From: Harnad, Stevan (
Date: Wed Feb 12 1997 - 14:31:19 GMT

> From: Dunsdon, Graham <>
> > What we need to do now is EXPLAIN (not define) how
> > the mind works: How does the brain manage to do all the things we do
> > with our minds? We won't get very far in trying to explain how the
> > brain manages to FEEL, but we can make some headway in trying to
> > explain what it can DO.'
> In attempting to explain how the mind works by trying to explain what
> it can do, you suggest (I think) that we should consider our awareness
> - because 'our awareness is what it is to be a mind'. What is the
> distinction between awareness and introspection?

If I am aware of a red chair in front of me, what I am aware of is the
red chair! What is it to be aware of a red chair? Well, we all know
exactly what it FEELS like to be aware of a red chair, because we have
minds. In fact, as I said, to have a mind is to be able to feel
something -- anything at all; as opposed to what it feels like to feel
nothing at all: That's what it is to be, say, a rock, or a computer. It
feels like nothing to be a rock, hence a rock does not have a mind.

Feelings can be anything from what an axolotl (a worm like creature that
is somewhere between being an invertebrate and vertebrate) feels when
when you pinch it to the "Eureka" feeling of scientist when he
discovers something new about the world -- or rather when he THINKS he
has discovered something new, because feedings can be misleading. You may
just have hallucinated the red chair; it may not be there at all.

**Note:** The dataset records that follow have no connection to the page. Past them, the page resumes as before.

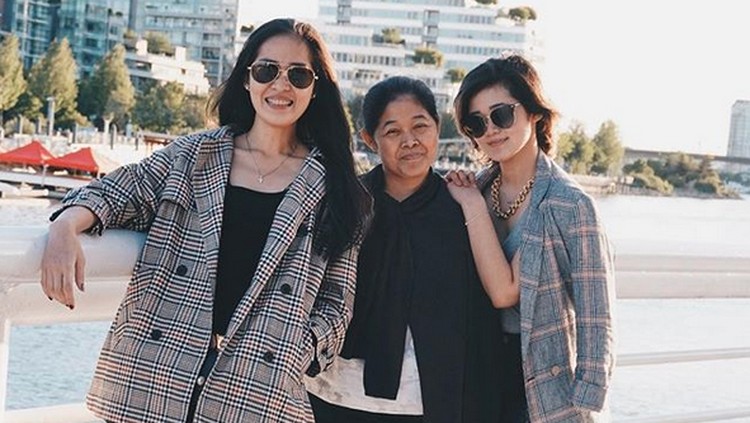 Gracia Indri, Gisela Cindy, dan Nevos Setyaningrum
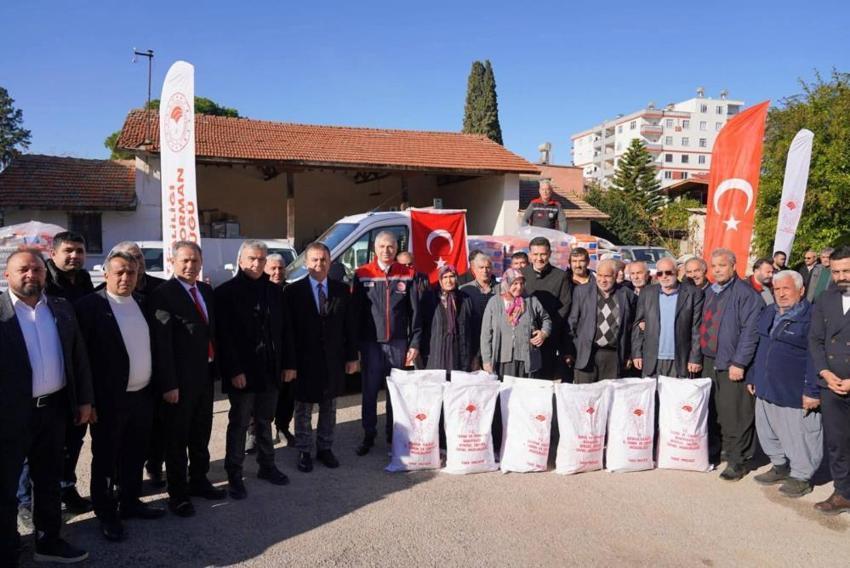 Adana’da çiftçiye büyük destek! Atıl arazilere ayçiçeği ekilecek: Kazanç katlanıyor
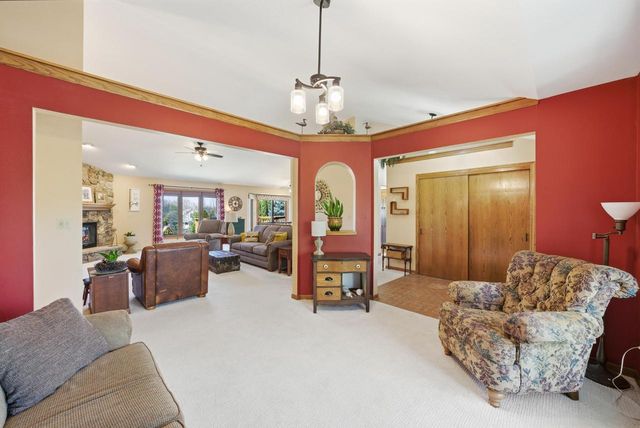 W136N6719 Claas ROAD, Menomonee Falls, WI 53051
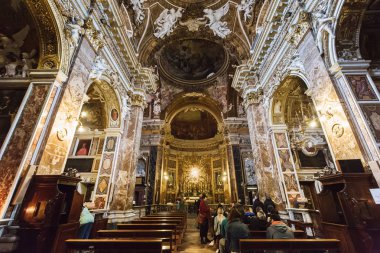 Rome, İtalya - 20 Mart 2018: İç zafer (Santa Maria della Vittoria Saint Mary Kilisesi)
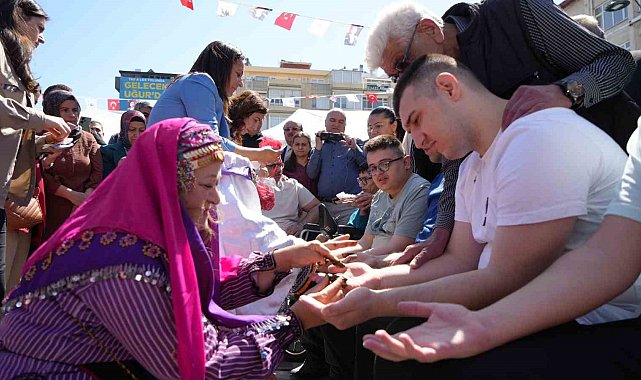 Davulla geldiler, kınayla uğurlandılar: 14 engelli gencin askerlik hayali gerçeğe dönüştü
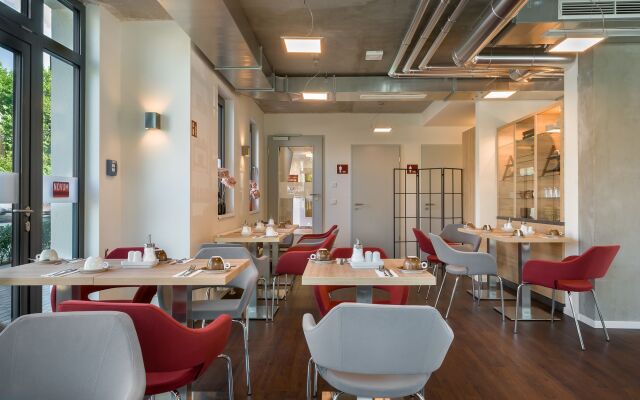 Signature East Hotel Apartment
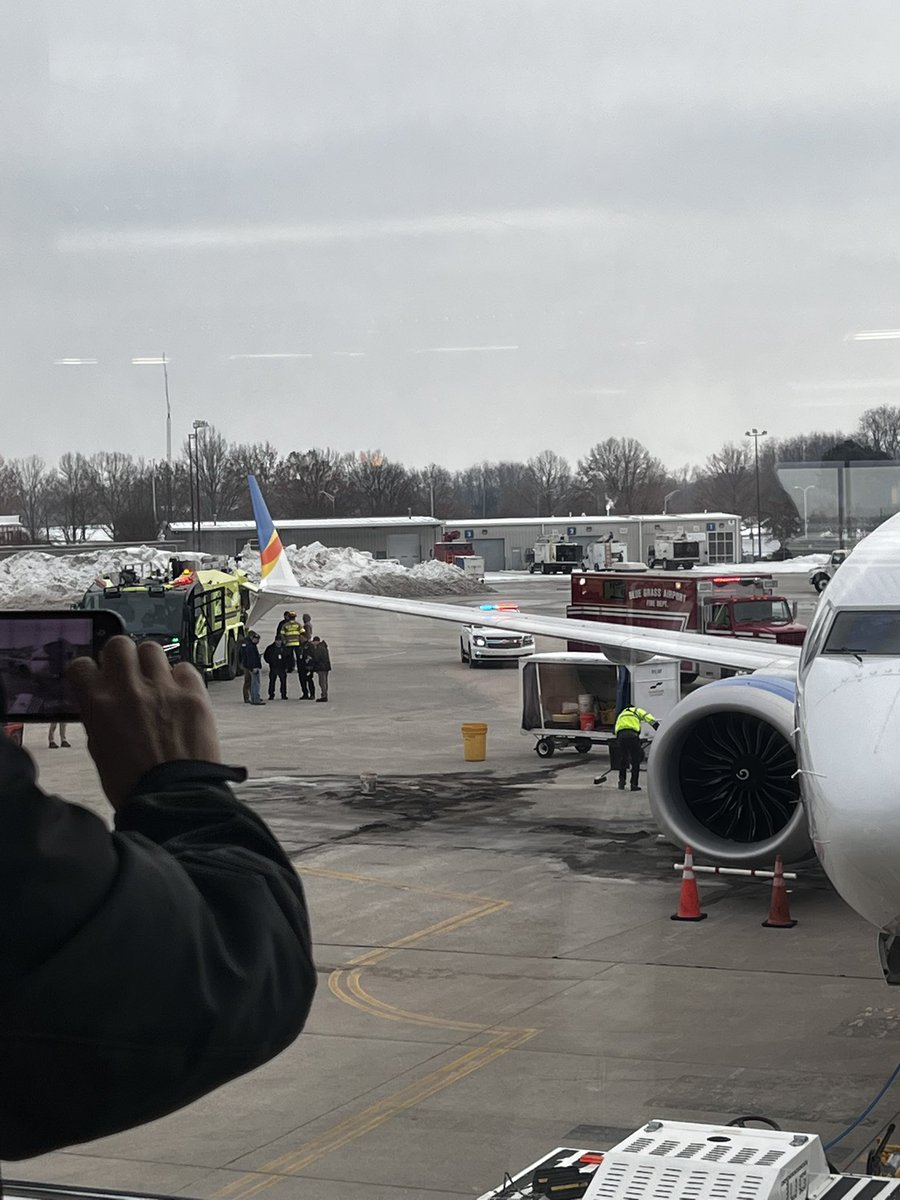 RussianFloof's tweet photo. Get your airline together @Allegiant like holy shit. 4hr delay because some donut decided to overfill the aircraft wing. https://t.co/Xbf45p0tdP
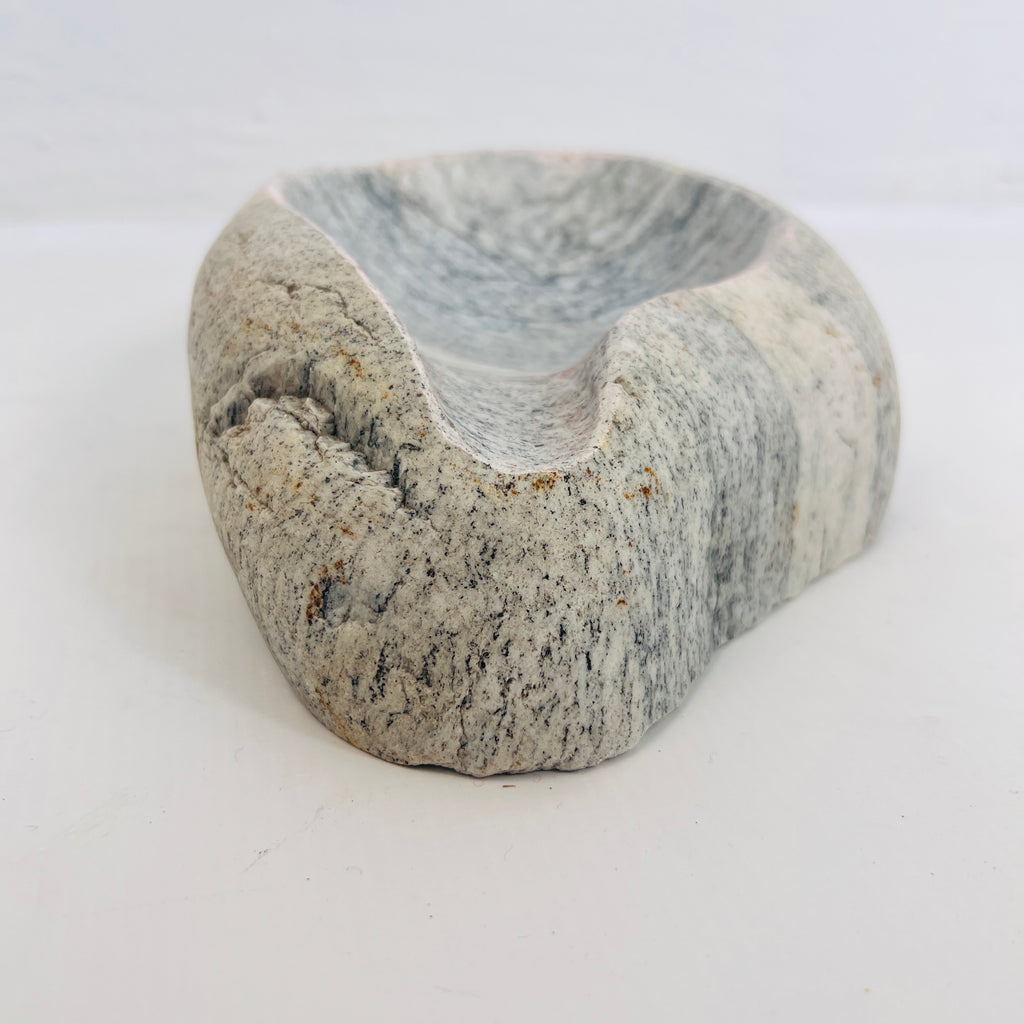 River Stone Light Grey Streaked Ash Tray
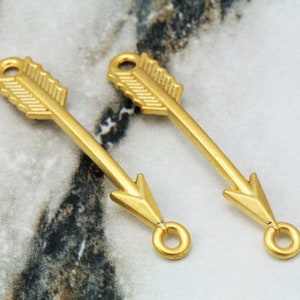 Gold Plated Arrow Charm, 38mm Metal Tiny Arrow Charm 5 pcs / GPY-339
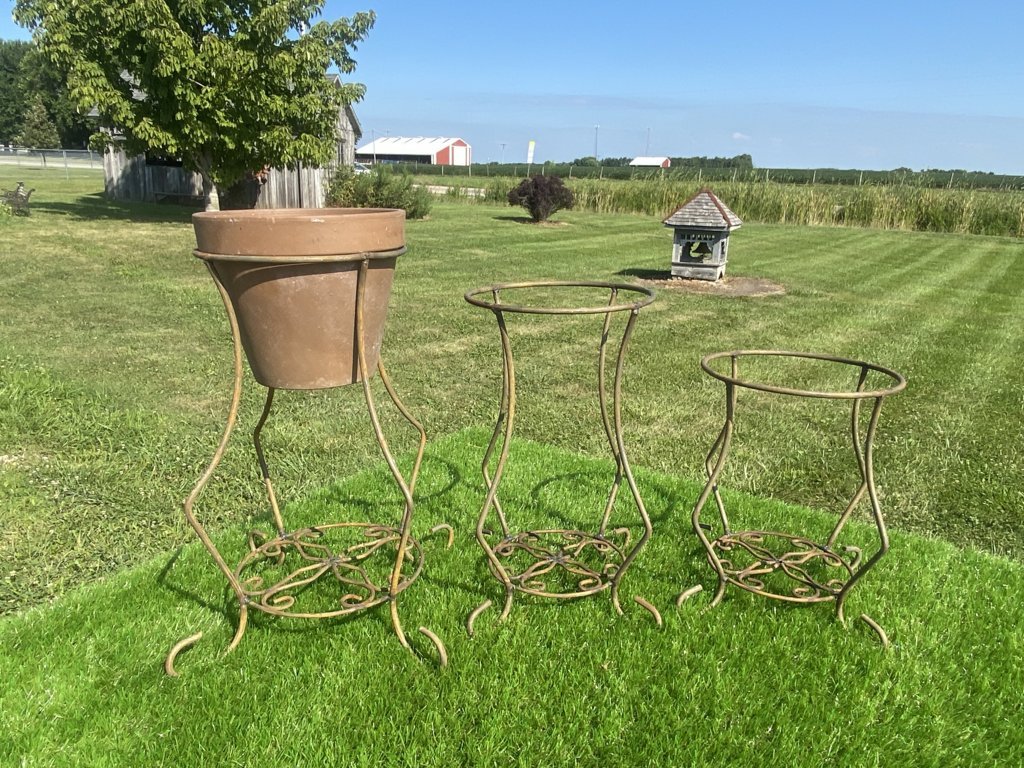 Metal 20" Plant Stand Gazing Ball Holder Decorative Container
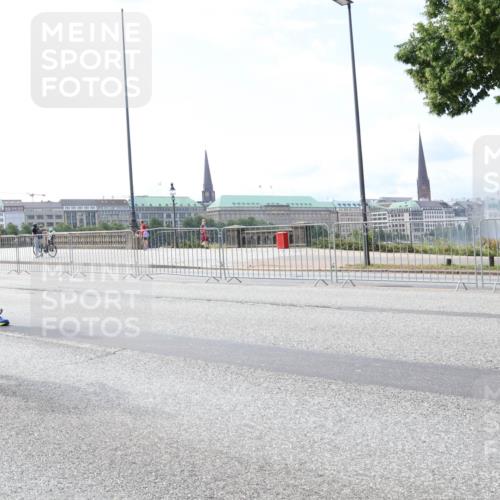29.06.2025 - hella hamburg halbmarathon Lena Gebhardt http://msf.ph/oto/8340987 29.06.2025 10:13:27 Lombardsbrücke 13331, 17474, 1007, 1747, 1859, 2055, 2359, 2721, 2904, 2961, 2987, 3218, 3360, 3728, 3729, 4187, 4795, 4950, 5232, 5546, 5631, 6026, 6489, 6717, 6724, 7346, 7446, 7447, 7460, 7873, 7913, 8279, 8398, 8405, 8913, 9128, 9141, 9527, 9612, 9631, 10977, 12313, 12492, 12797, 12928, 12929, 13331, 13928, 14404, 15663, 15922, 16030, 16255, 16437, 16491, 17472, 17474, 17699, 17988, 18048, 18222, 18231, 18320, 18732 meine-sportfotos.de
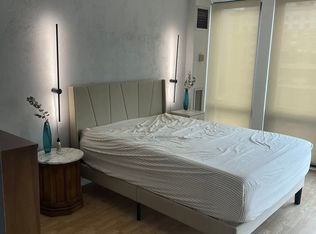 1 E Scott St APT 1011, Chicago, IL 60610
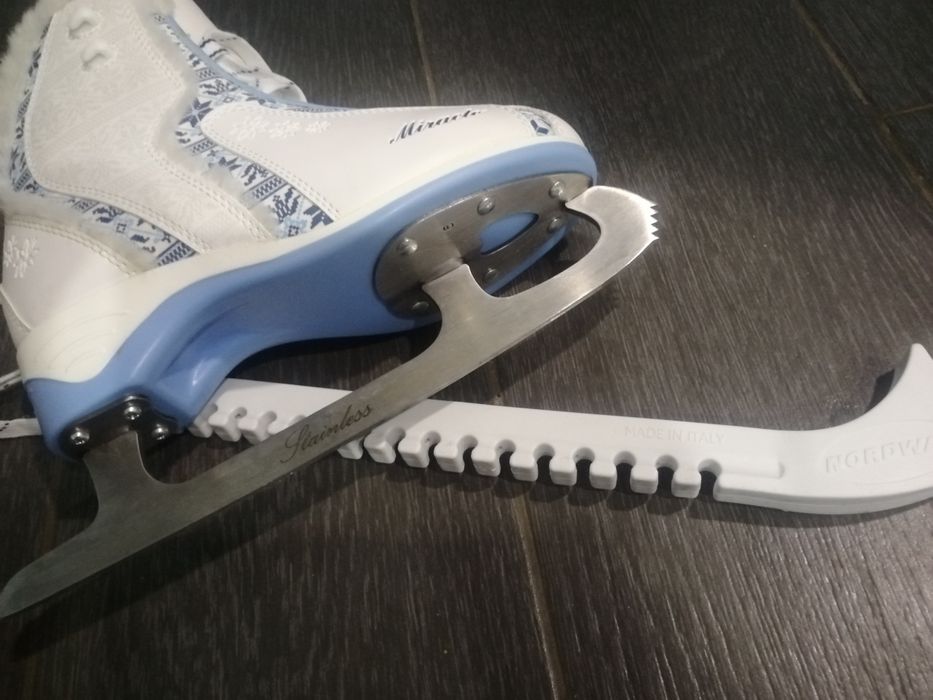 продам коньки новые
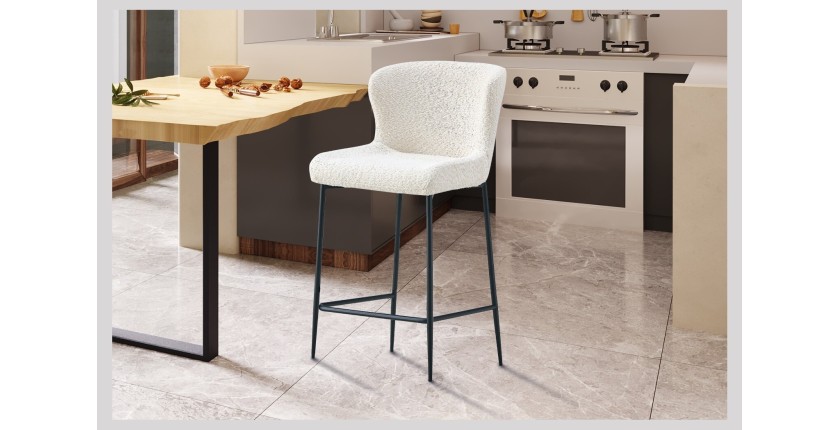 Chaise de comptoir LISE – Tissu bouclé coloris blanc écru – Pieds en métal noir – Style design/industriel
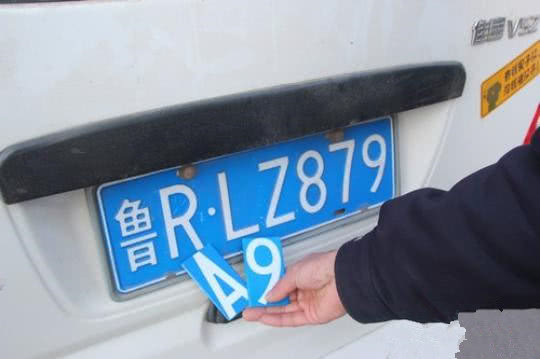 因车牌"h"变成了"日",爱车遭交警拖移,车主:真不是我干的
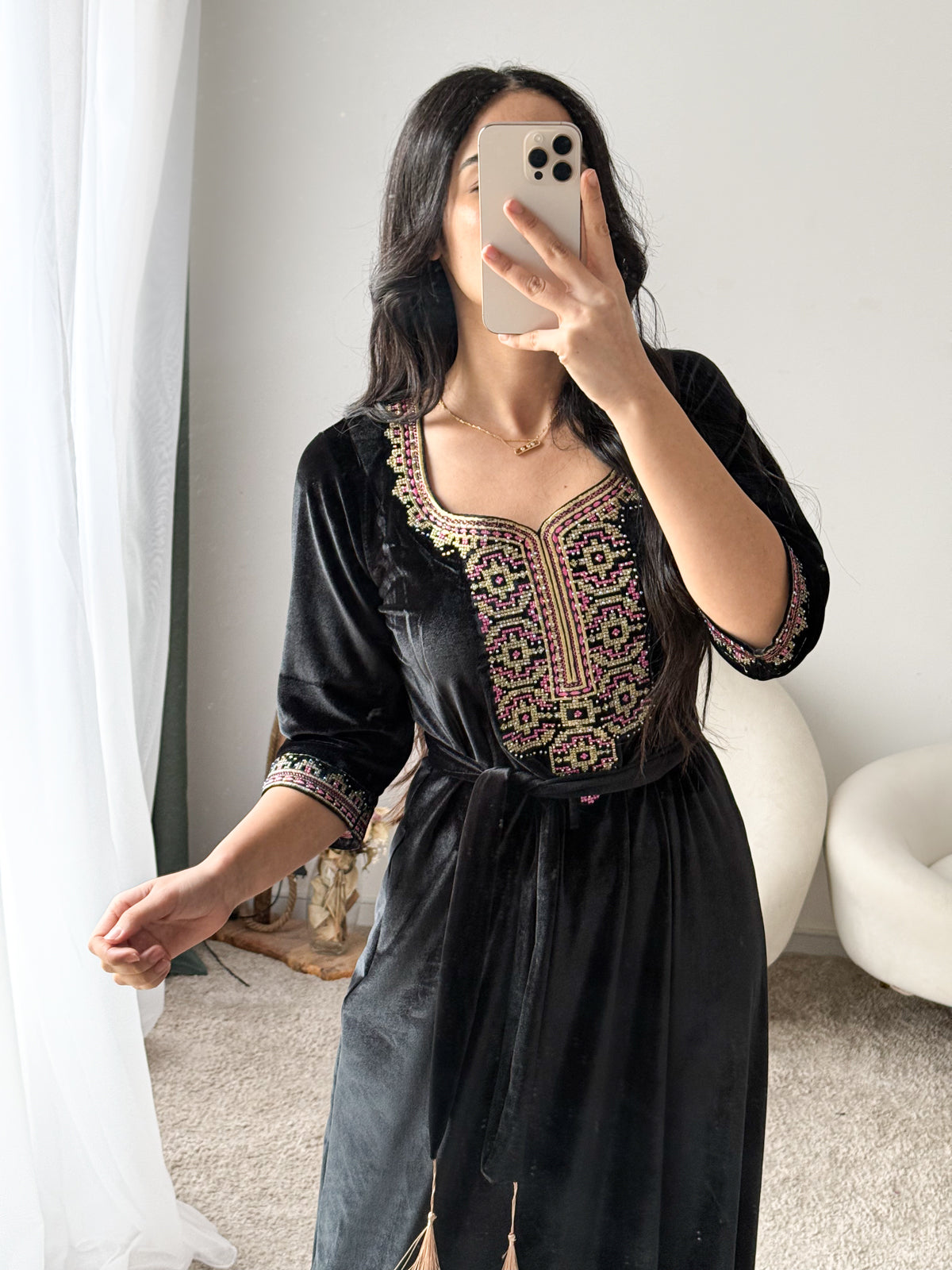 Robe d'hôtesse velours noir ROFIDA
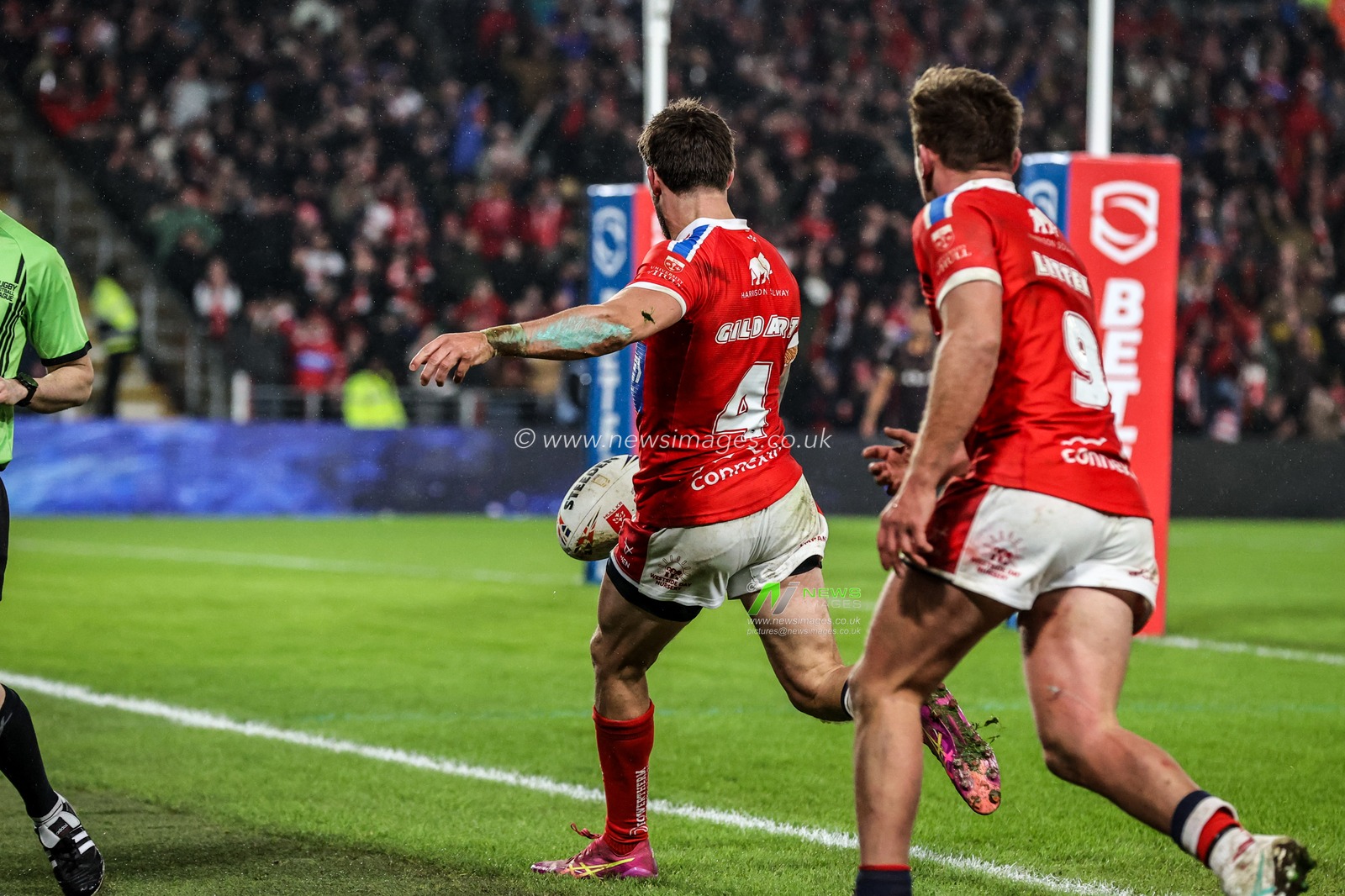 Oliver Gildart of Hull KR celebrates his try during the World Club Challenge 2026 match Hull KR vs Brisbane Broncos at MKM Stadium, Hull, United Kingdom on 19 February 2026

(Photo by Alfie Cosgrove/News Images)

So if seeing a red chair is an experience, a feeling, we could call that
"EXTRAspection" because we are aware of something OUTside our bodies
and our minds. "INTROspection" is what we do when we are aware of
what is going on INside our minds, for example, when we imagine a pink

All feelings are actually taking place in our minds, of course,
rather than out in the world. The hallucinated red chair is an
example: What it feels like to see a red chair is the same when there
really is a red chair you are looking at and when you just hallucinate
the chair. It FEELS the same, and feelings are in the head. We
understand this, and we understand the difference between seeing a real
red chair and hallucinating one. The difference between the two cases
is something we arrive at by introspection, by reflecting on what's
going on in our mind.

Unfortunately, introspection -- reflecting on what's going on in our
mind -- does not explain how our minds work. You need to take a cogsci
course for that; sitting in an armchair reflecting on your experiences
won't tell you!

That's why introspection is not the way to explain the mind.